The site indexes webcomics, and then keeps track of what the next installment is. They don’t use RSS for this but the actual site itself, so it works whether or not the webcomic has any type of feed. As long as the page has navigation (and what comic wouldn’t?) this will work. A side effect of that is there is a catalog of 10,000 comics already at Comic Rocket. So far, every one from my subscription list I’ve looked for is there.

I like it a lot so far, but there are two feature I’d like to see added:

1) [UPDATE – looks like this is already there and I missed it ] Some sort of collaborative filtering based on the subscription list. Look at other users, and for the people subscribed to all the comics I’m reading, what are the most common other comics not on my list? Adding in discoverability that way would even give webcomics creators an incentive to use the site, or to recommend their readers to use it.
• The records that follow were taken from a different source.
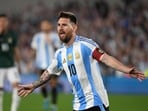 Lionel Messi celebrates after scoring a goal for Argentina. Lionel Messi celebrates after scoring a goal for Argentina.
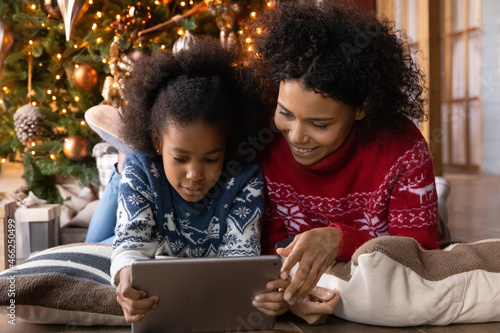 Happy biracial young mother and small daughter enjoy Christmas winter holidays using tablet gadget together. Smiling African American mom and little girl child relax at home playing on pad device. © fizkes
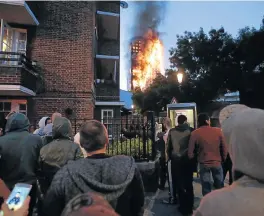  ?? /AFP ?? Local residents watch as Grenfell Tower is engulfed by fire on Wednesday in west London. The fire ripped through the 27-storey apartment block, trapping residents inside and killing at least 12 people and injuring 74 others.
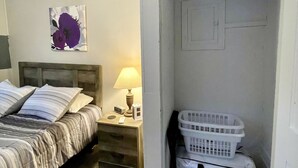 Un dormitorio con cama, mesita de noche, lámpara y un cuadro colgado en la pared.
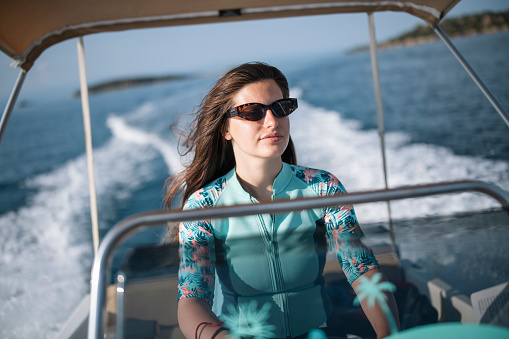 Young woman driving a boat in sea.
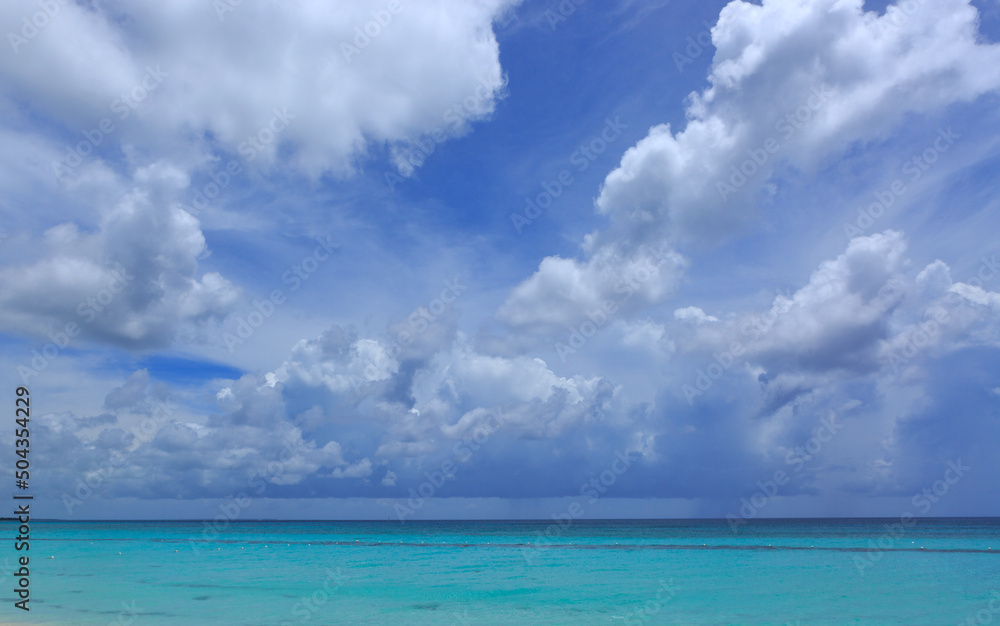 Travel background with clouds sky and Caribbean sea.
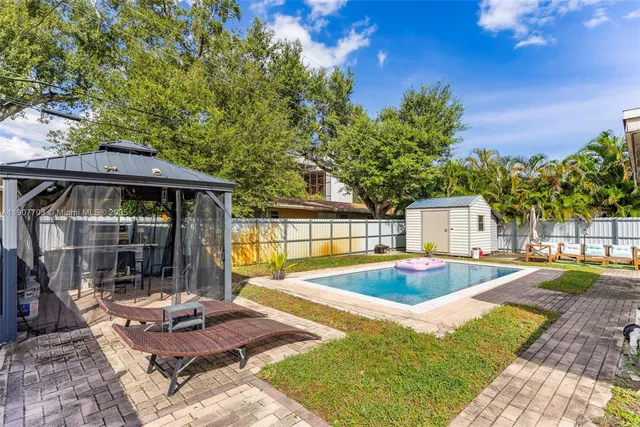 a view of a house with swimming pool and sitting area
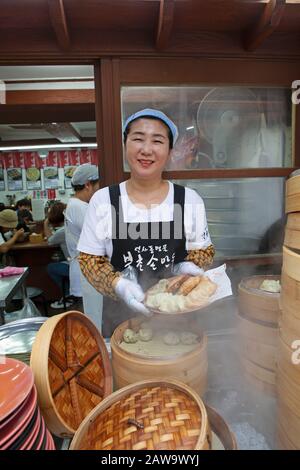 Woman, 52, does Mandu, Insadong district, Seoul, South Korea Stock Photo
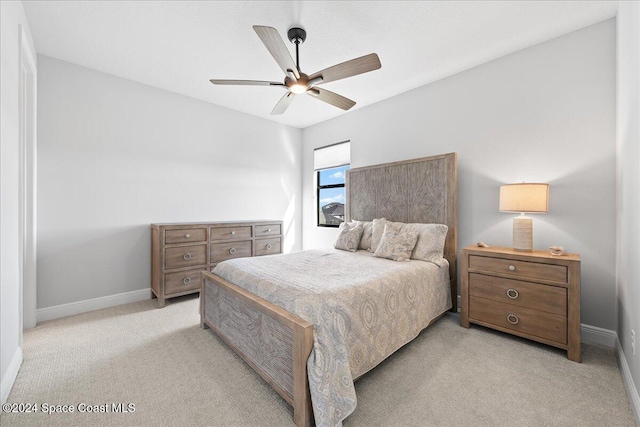 bedroom featuring light colored carpet and ceiling fan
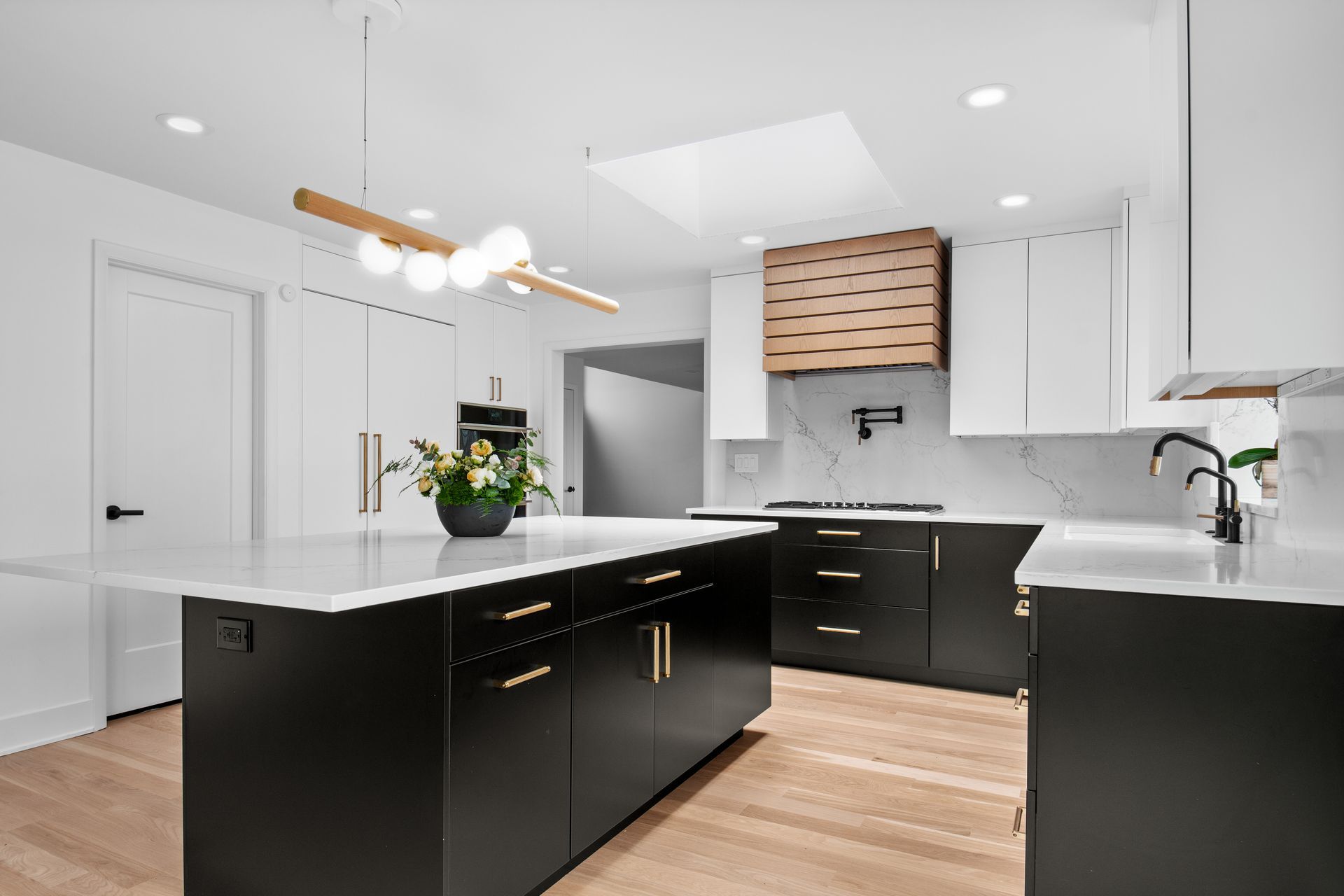 A kitchen with black cabinets and white counter tops and a large island.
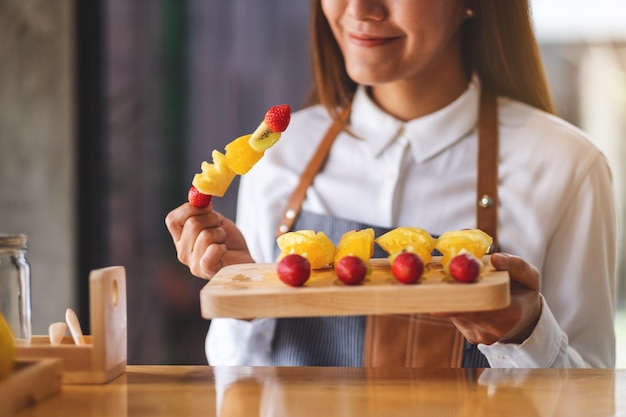 Immagine del primo piano di una bella donna chef che tiene frutta fresca mista su spiedini in un piatto di legno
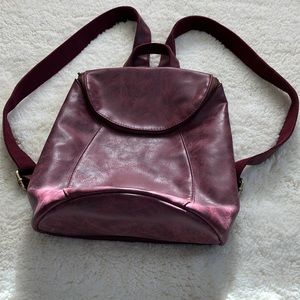 Vegan women’s backpack purse by JOY Susan. In burgundy w brass details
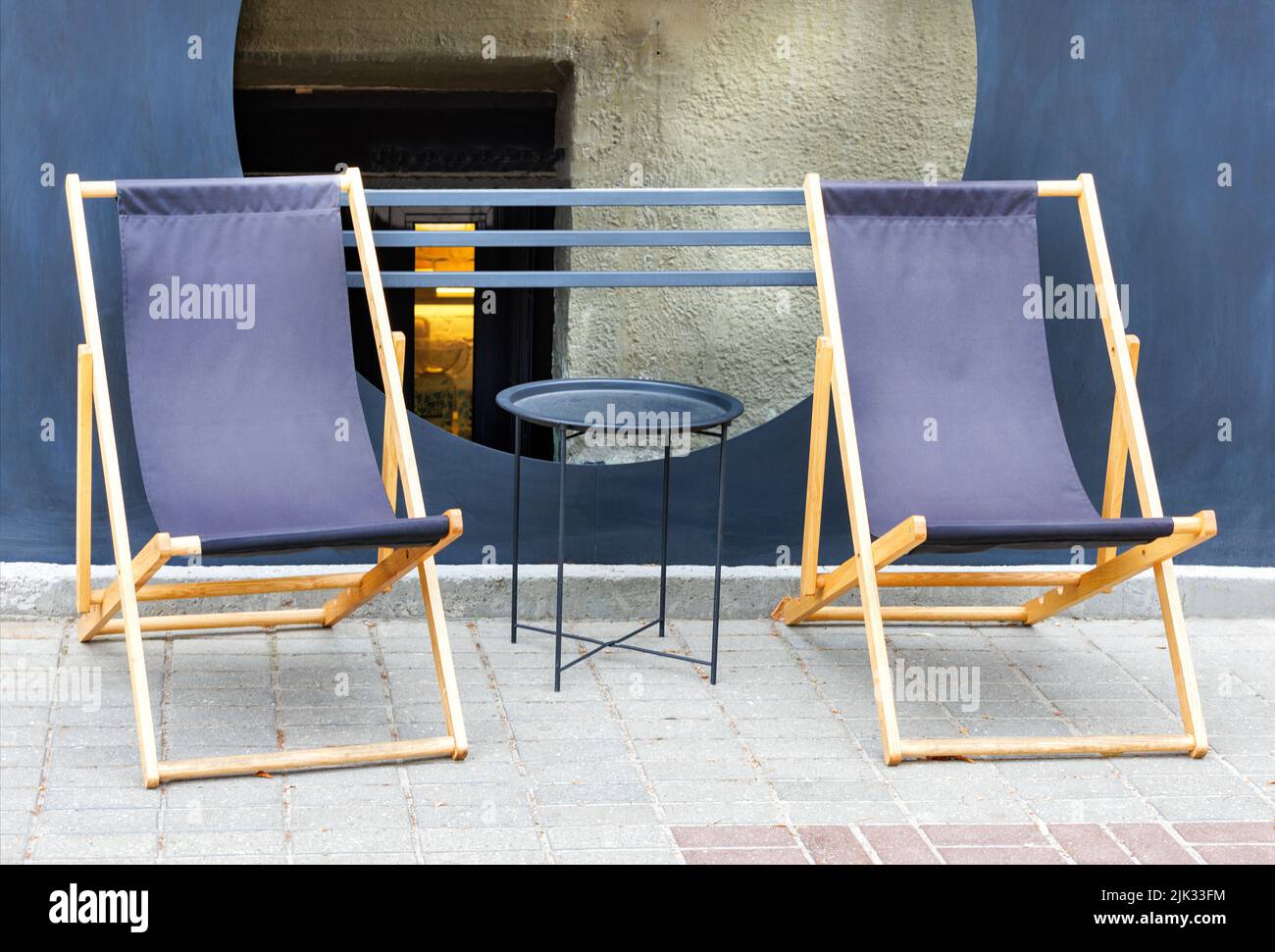 Zwei blaue Textil-Klappstühle mit einem Holzrahmen um einen Metalltisch vor dem Hintergrund eines gepflasterten Bürgerwegs und eines Café im Freien. Speicherplatz kopieren. Stockfoto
2) The ability to subscribe to a group of comics all at once via OPML.

I’ve been playing with it for a few days and I don’t see anything but upside for comics creators here. Well done, Comic Rocket! Also, it’s Portland OR based (and why wouldn’t it be?) PDX represent!

My Current Webcomics Reader

Some time ago on Google Plus I cast a net for an idea of a new sort of webcomics reader. Because my reading is in fits and starts and often can go weeks between sessions, Google Reader is no longer a reasonable way to read the feeds. If there are up to 20 strips of each comic, all in reverse chronological order, it requires me to scroll all the way down and then read from the bottom up as a number of my strips have some kind of continuity.

I have arrived at a solution that seems to be working for me. It is truly a hack of hacks, but like the best hacks is effectively solving a problem for me. Unfortunately, also like hacks it might not be very robust or transferrable to other people. I achieved my goal with a custom IFTTT rule:

This has prerequisites. You need an IFTTT account, a linked Dropbox account and a linked Google Reader account. You also need to have the RSS feeds for all webcomics you subscribe to in a single folder or with a consistent tag. In my rule, it is a folder named “Webcomics” but it can be named anything, it just has to match the rule you have. If you are interested in using it, you can go to the above link and clone the rule to your own account and modify it from there.

Here’s how it works. Every feed in my Google Reader’s “Webcomics” folder gets written to a file in my Dropbox. When I have time for webcomics, I open the file in my browser and then delete it. The next time I look, the top of the page will be the oldest strips I haven’t yet read. There is a quirk of the IFTTT -> Dropbox integration, in that the action to append to a text file forces it to have a .txt extension even though the content of what I’m appending is HTML. This was orignally a bug to me, but now I think of it as a feature. Because the file can get so big that I don’t read it in a single setting, effectively when I change the extension from webcomics.html.txt to webcomics.html is the point at which I freeze the file. I can read it until I finish, even if it takes a few days or weeks. Meanwhile, it will create a new webcomics.html.txt file and be happily appending that whole time period.

This is not a perfect solution. It requires that you have an internet connection as nothing is saving the comic strips to any local machine, it’s a little fugly in the page generated and has none of the management features of even the most rudimentary RSS reader. It’s on you to know what you have read, and if you have to close your browser in the middle there is no way to return to the previous point.

On the upside, all of the features I wanted in my original post are there. It preserves all the links from the original post, so if there are ads in the feed or store links or any other monetization, those are preserved in the file I read. I’ve never wanted to cheat the cartoonists out of their monetization.

I’ve been using this system since July. In that time, some of the strips I orignally followed have ended, like Kris Straub’s Starslip Crisis, and others like Scott Kurtz’ PVP have switched to not including images in the feed. Those were two of the strips that were the original impetus because both had storylines that required reading them forwards. Que sera, things live and die and change.

I’m curious if this system will be effective for anyone else that is not me. Try it out and let me know your experiences, positive or negative.